* Assigned task: Please repeat exactly the lines below from the one containing "This new aluminum" down to the one containing "#SPNConstruction #AccessibilityMatter #DesignBuild", both included, and nothing else.

* Information supplied:
Segment Open
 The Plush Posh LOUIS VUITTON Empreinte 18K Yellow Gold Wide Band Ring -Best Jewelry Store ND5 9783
Segment Closed
Segment Open
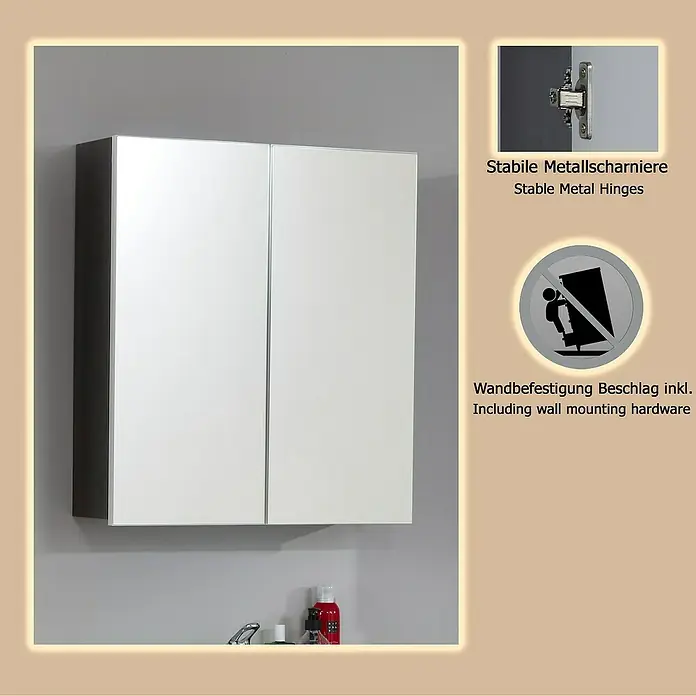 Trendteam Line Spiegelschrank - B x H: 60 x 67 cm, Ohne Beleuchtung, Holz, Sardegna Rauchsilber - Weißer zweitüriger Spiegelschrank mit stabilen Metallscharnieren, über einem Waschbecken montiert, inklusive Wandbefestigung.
Segment Closed
Segment Open
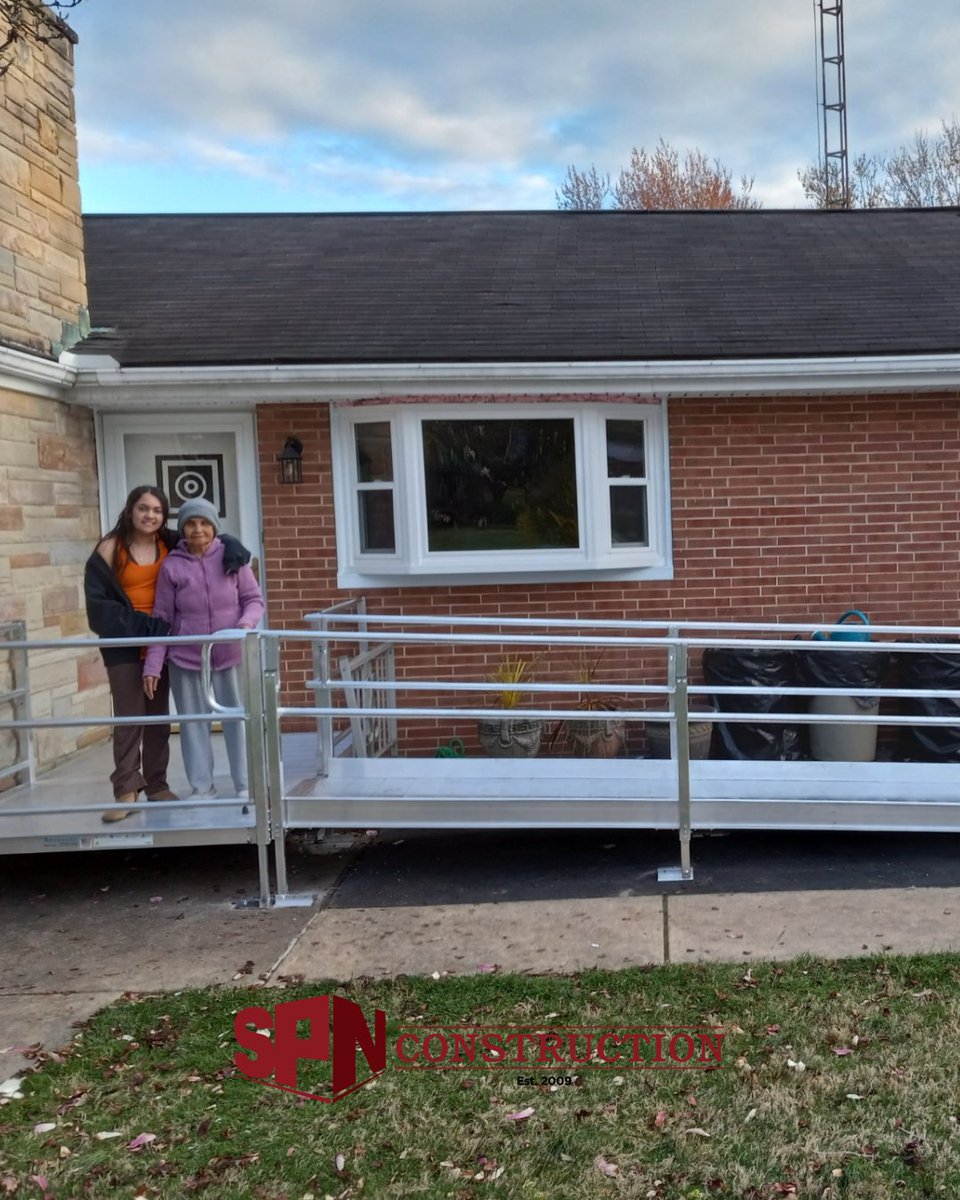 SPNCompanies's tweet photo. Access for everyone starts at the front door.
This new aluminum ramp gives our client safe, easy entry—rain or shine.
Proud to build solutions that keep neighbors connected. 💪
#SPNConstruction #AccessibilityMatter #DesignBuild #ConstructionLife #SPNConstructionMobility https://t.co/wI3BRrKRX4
Segment Closed
* Final answer:
This new aluminum ramp gives our client safe, easy entry—rain or shine.
Proud to build solutions that keep neighbors connected. 💪
#SPNConstruction #AccessibilityMatter #DesignBuild #ConstructionLife #SPNConstructionMobility https://t.co/wI3BRrKRX4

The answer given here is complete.